Es gibt eine bemerkenswerte Wiederkehr des Katholizismus in Frankreich. Es ist ein Phänomen, das ich fühle, ohne es wirklich zu verstehen, und es ist weniger reaktionär, als vielfach behauptet wird. […] Die Demonstrationen gegen die Ehe für alle und das Adoptionsrecht für gleichgeschlechtliche Paare haben die Politik durch ihre Massenmobilisierung überrascht. Niemand hätte derlei für möglich gehalten. Die Katholiken in Frankreich sind sich ihrer Stärke so wieder bewusst geworden. Das war wie eine unterirdische Strömung, die plötzlich zutage trat.

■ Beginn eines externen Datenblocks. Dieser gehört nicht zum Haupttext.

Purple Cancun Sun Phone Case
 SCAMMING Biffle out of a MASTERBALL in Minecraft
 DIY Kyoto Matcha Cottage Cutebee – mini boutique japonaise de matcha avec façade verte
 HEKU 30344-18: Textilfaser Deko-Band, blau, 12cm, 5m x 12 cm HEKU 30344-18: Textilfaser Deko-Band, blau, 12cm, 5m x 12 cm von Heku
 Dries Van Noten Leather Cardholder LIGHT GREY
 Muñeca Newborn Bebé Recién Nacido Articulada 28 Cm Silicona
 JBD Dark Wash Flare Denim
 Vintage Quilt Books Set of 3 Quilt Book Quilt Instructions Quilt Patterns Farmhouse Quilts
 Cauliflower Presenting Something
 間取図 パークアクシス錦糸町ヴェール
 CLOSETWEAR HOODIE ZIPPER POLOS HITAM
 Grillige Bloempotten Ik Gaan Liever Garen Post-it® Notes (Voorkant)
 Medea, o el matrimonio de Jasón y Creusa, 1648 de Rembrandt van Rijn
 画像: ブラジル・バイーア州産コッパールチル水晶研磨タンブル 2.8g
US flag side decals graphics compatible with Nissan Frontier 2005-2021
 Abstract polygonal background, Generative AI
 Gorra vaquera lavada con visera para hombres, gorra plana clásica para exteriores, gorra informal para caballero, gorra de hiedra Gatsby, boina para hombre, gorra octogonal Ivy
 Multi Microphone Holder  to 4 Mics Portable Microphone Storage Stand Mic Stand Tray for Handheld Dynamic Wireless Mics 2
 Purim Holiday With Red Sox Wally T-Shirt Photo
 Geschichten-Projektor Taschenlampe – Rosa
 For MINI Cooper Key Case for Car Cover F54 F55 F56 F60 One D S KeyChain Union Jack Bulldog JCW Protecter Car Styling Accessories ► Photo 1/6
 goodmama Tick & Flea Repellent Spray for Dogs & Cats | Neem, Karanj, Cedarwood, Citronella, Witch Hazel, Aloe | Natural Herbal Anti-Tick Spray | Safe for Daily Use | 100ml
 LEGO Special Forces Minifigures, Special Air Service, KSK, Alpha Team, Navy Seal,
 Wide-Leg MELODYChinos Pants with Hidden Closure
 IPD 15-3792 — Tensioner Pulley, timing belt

Für mich einer der interessantesten Momente in der jüngsten Geschichte. […] Ich neige immer dazu, die Dinge materialistisch zu erklären, was zunächst etwas platt und abstoßend wirken mag: Tatsache ist, dass gläubige Katholiken mehr Kinder in die Welt setzen. Und sie vermitteln den Kindern ihre Werte. Das heißt, ihre Zahl wird zunehmen.

Hintergrund

Houellebecq ist vor allem durch Romane bekannt geworden, in denen er kulturelle Auflösungserscheinungen in modernen Gesellschaften und deren Folgen beschreibt. Er selbst bezeichnet sich als Reaktionär und als Skeptiker des utopischen “progressivistischen Glaubens”. In seiner Dankesrede anlässlich der Auszeichnung mit dem Frank-Schirrmacher-Preis hatte er vor einem möglichen Erlöschen Europas in Folge seiner kulturellen und demographischen Schwäche gewarnt.

Das von Houellebecq erwähnte Erstarken katholischer, nach kultureller Erneuerung strebender Bewegungen in Frankreich war in jüngerer Zeit bereits Gegenstand einer größeren Debatte.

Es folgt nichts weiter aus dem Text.